The D-Prize competition, which will award selected social entrepreneurs with US$20,000 to launch a pilot of a programme that could solve distribution problems in Africa and other developing regions, has opened for applications.
The competition is aimed at entrepreneurs starting social enterprises in the developing world solving D-Prize distribution problems in a number of sectors, which include female education, energy, governance and health.
D-Prize will fund between 10 and 15 entrepreneurs to pilot their projects, but will prioritise organisations less than one year old, with less than US$100,000 in prior funding and piloting new distribution-focused initiatives.
“The world has solutions to poverty. Can you distribute them to those in need?” D-Prize said in its call to action. “Our world has already invented many effective poverty solutions, but sadly most fail to reach actual people in need. Millions of lives would improve if people had access to proven energy, education, health, and other interventions.
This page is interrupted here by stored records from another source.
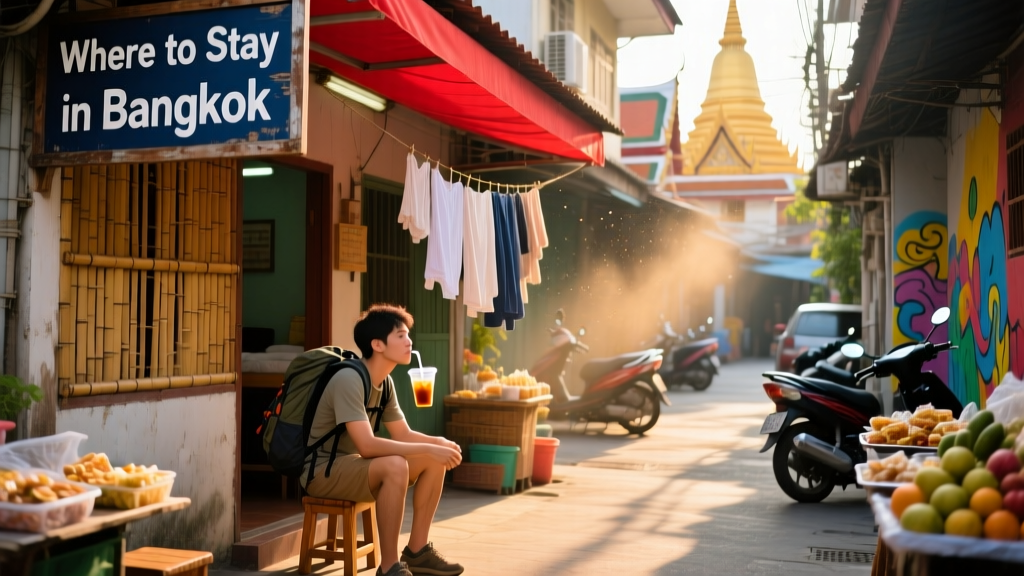 Where To Stay In Bangkok: A Practical, Budget-Savvy Guide for Backpackers and Independent Travelers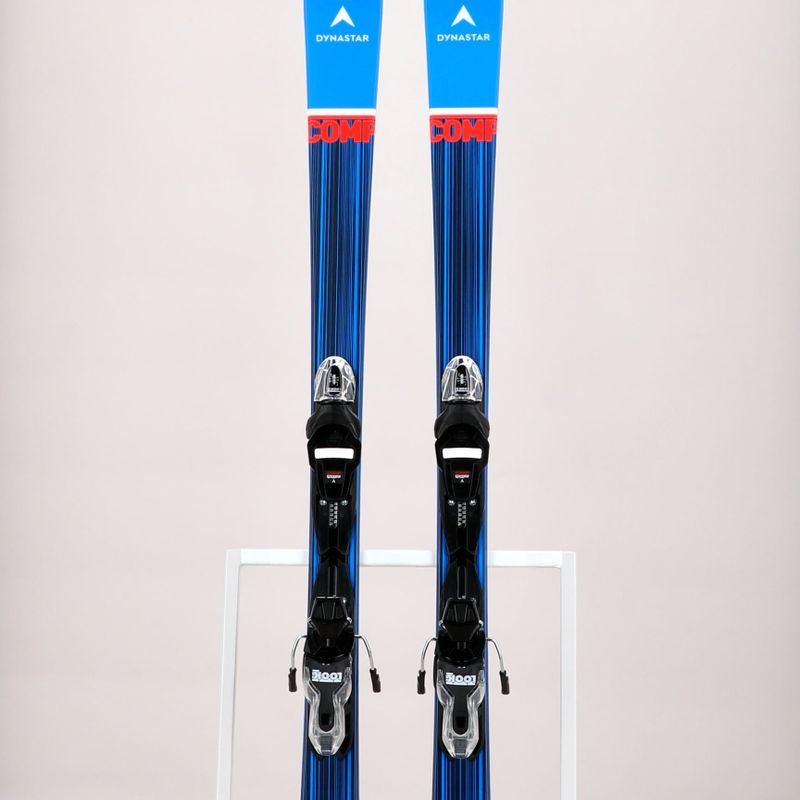 Narty zjazdowe dziecięce Dynastar Team Comp XPJ + wiązania XP 7 GW 12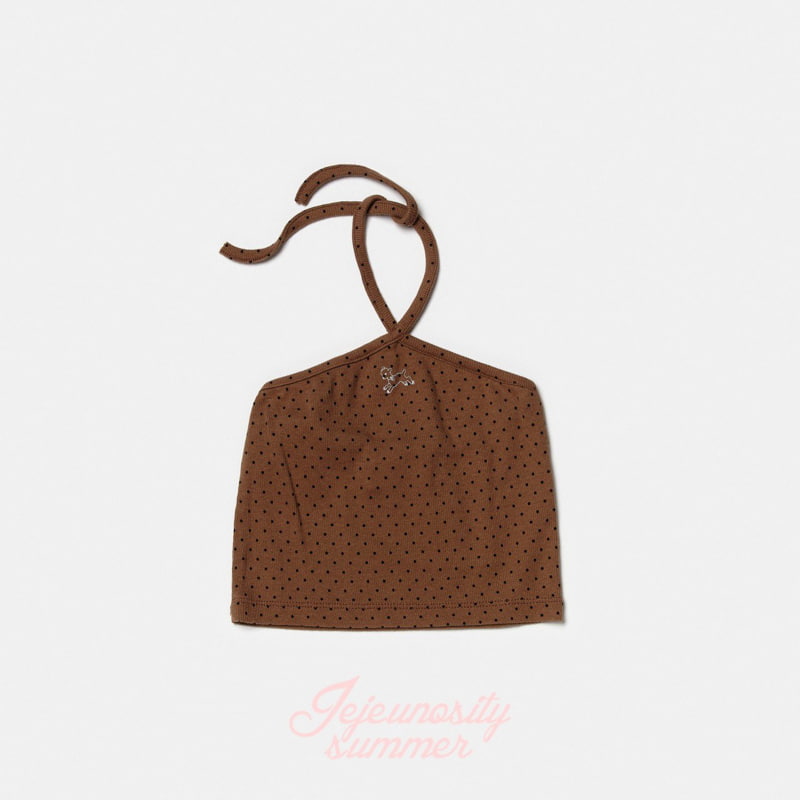 Jejeunosity - Korean Children Fashion - #kidsshorts - Karina Sleeveless Kids - 5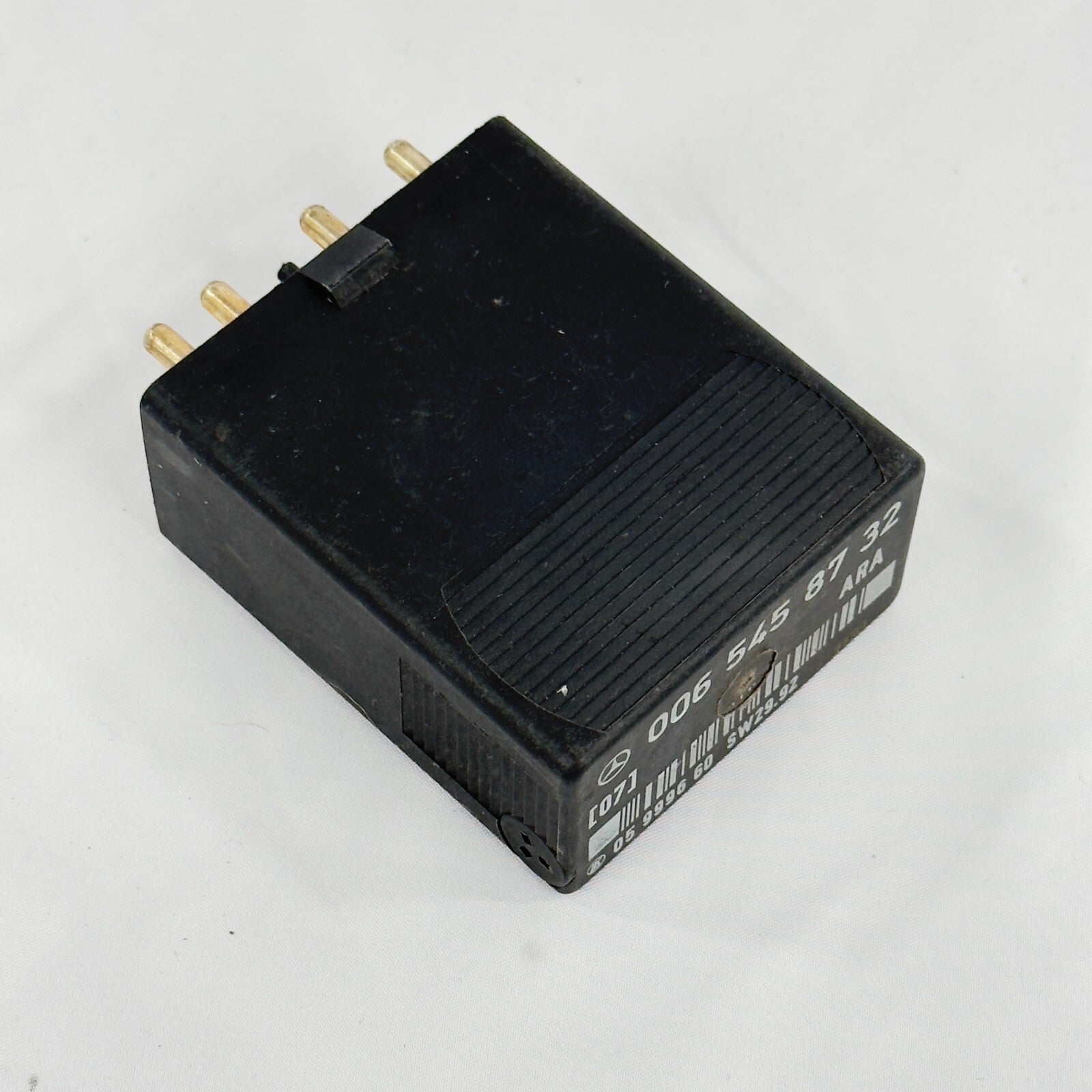 Relais Steuergerät ARA Anto Ruckel Aufschaltung W124 W201 Mercedes A0065458732 – Bild 2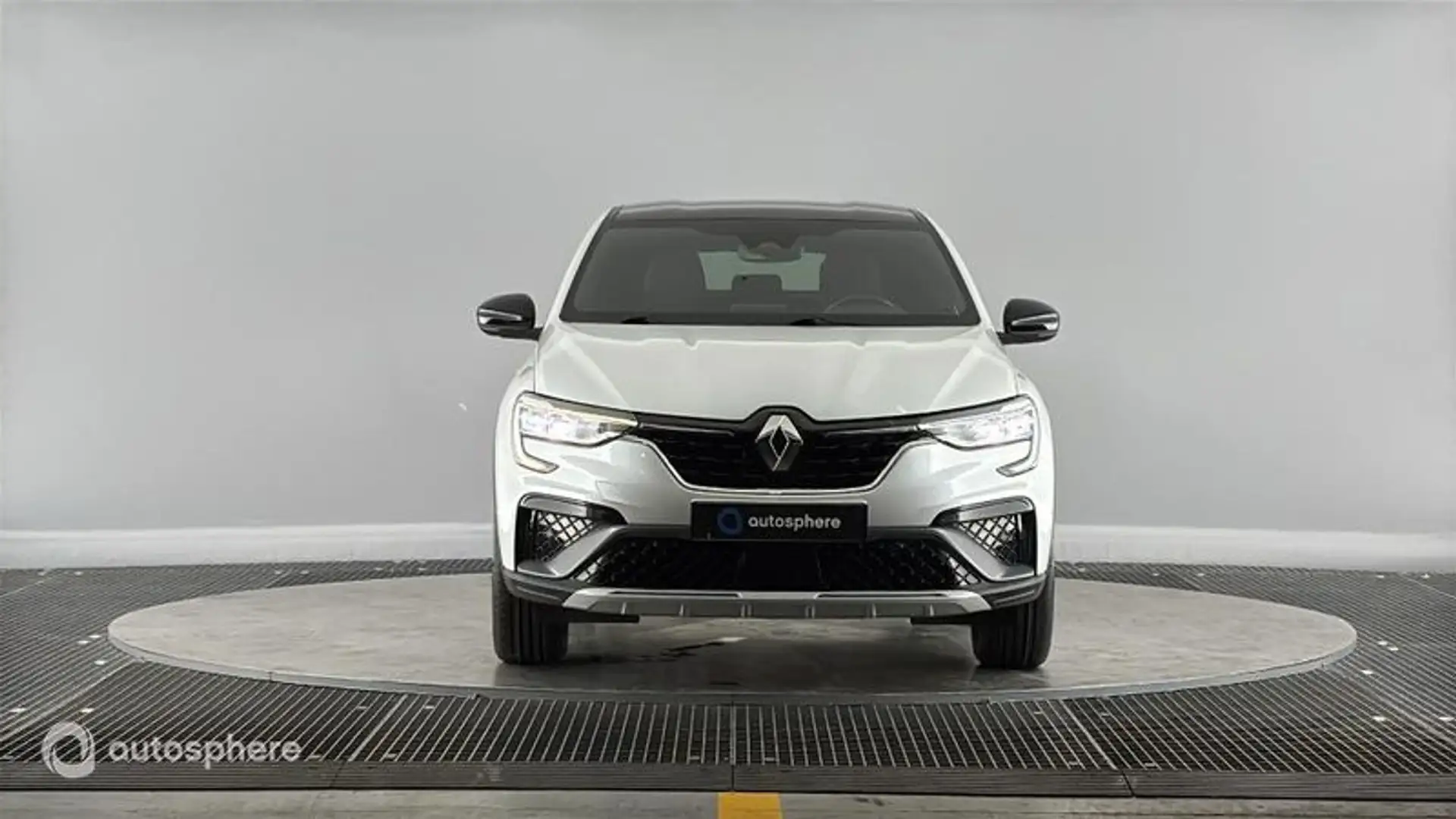 Renault Arkana 1.3 TCe 140ch FAP RS Line EDC -21B - 2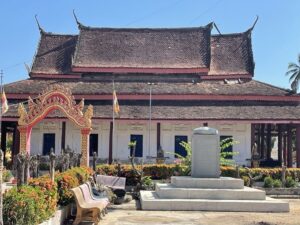 Wat Kampong Thom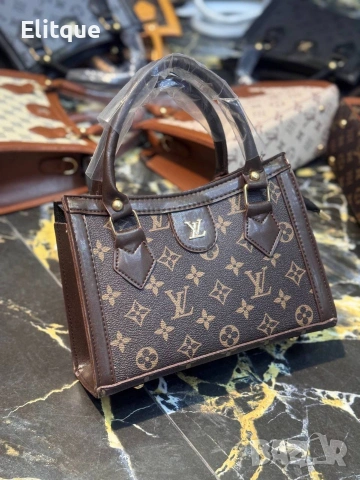 чанти Louis Vuitton , снимка 10 - Чанти - 53068017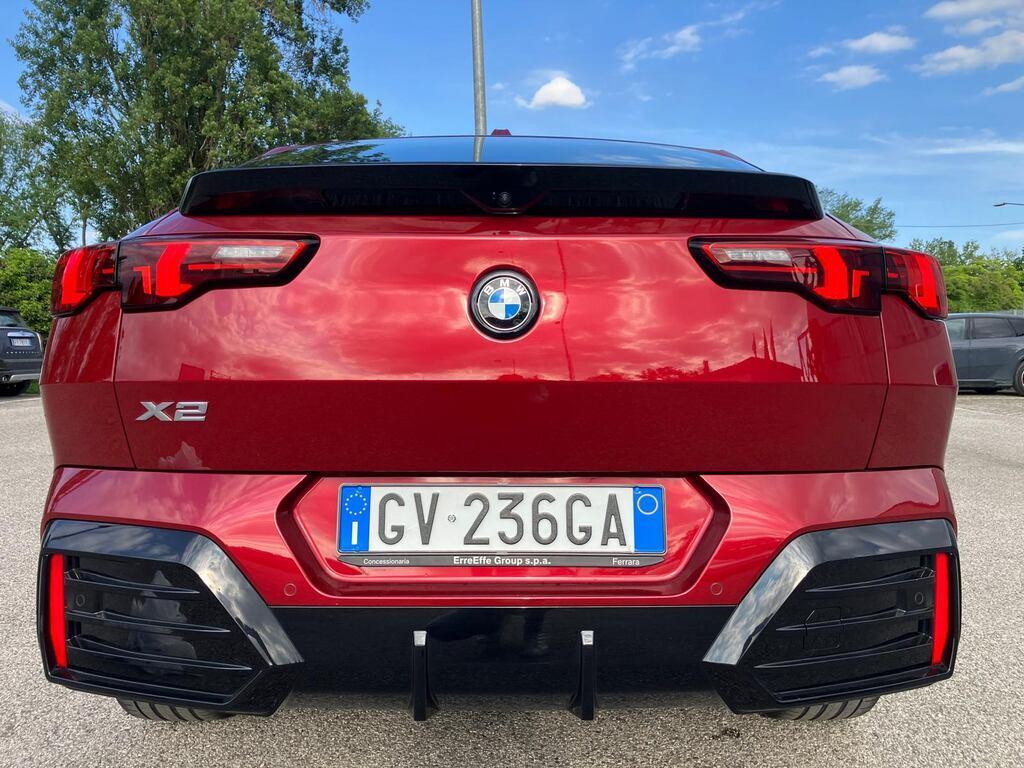 BMW X2 18 d MSport sDrive DCT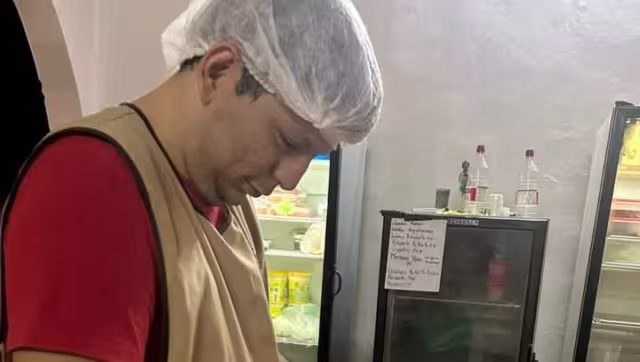 El comercio integró a Hugo Peniche a su equipo de trabajo.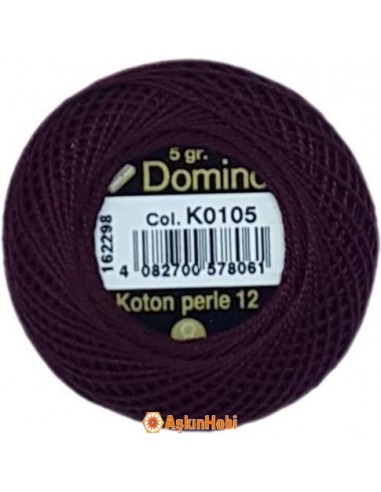 Domino Koton Perle K0105 (No:12)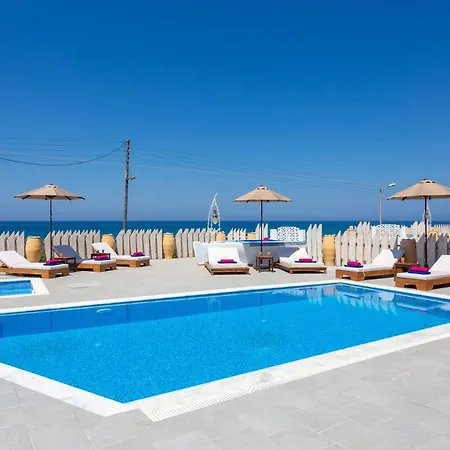 Chrysa By Villa Hersonissos (Crete)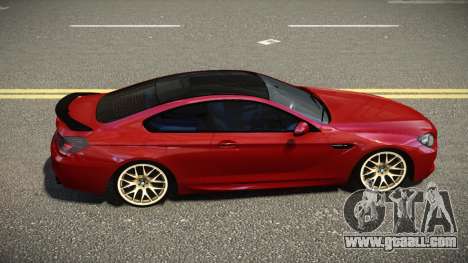 BMW M6 E63 WR V1.1 for GTA 4
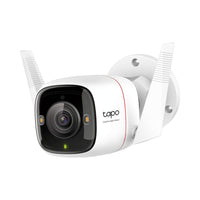 TP-LINK OUTDOOR SECURITY WIFI 2K 4MP - NET-TL-TAPO-C325WB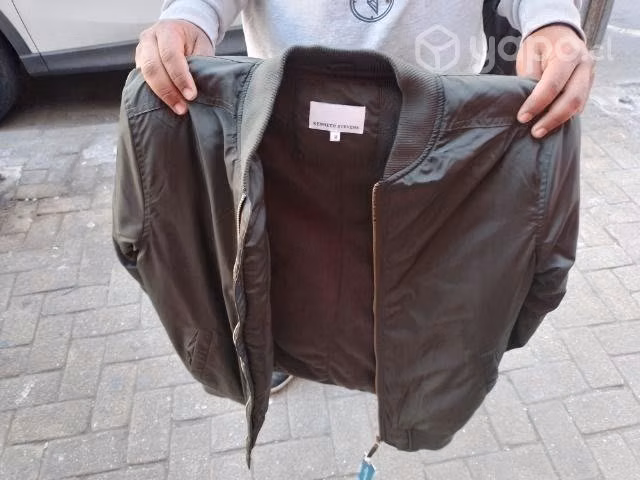 Chaqueta Kennet stevens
Can you start a new social enterprise and solve this problem?”
The organisers said D-Prize is a call to the world’s boldest entrepreneurs, and that it would help entrepreneurs whose pilots proved successful to find further funding.
Applicants have until December 30 to submit their projects, after which the top five per cent will be asked to submit a full 10-page proposal. Full plans are due within four weeks of being invited to submit.
Top entrepreneurs will be interviewed by judges, with the winners receiving up to US$20,000, mentorship and other support as they launch their programmes.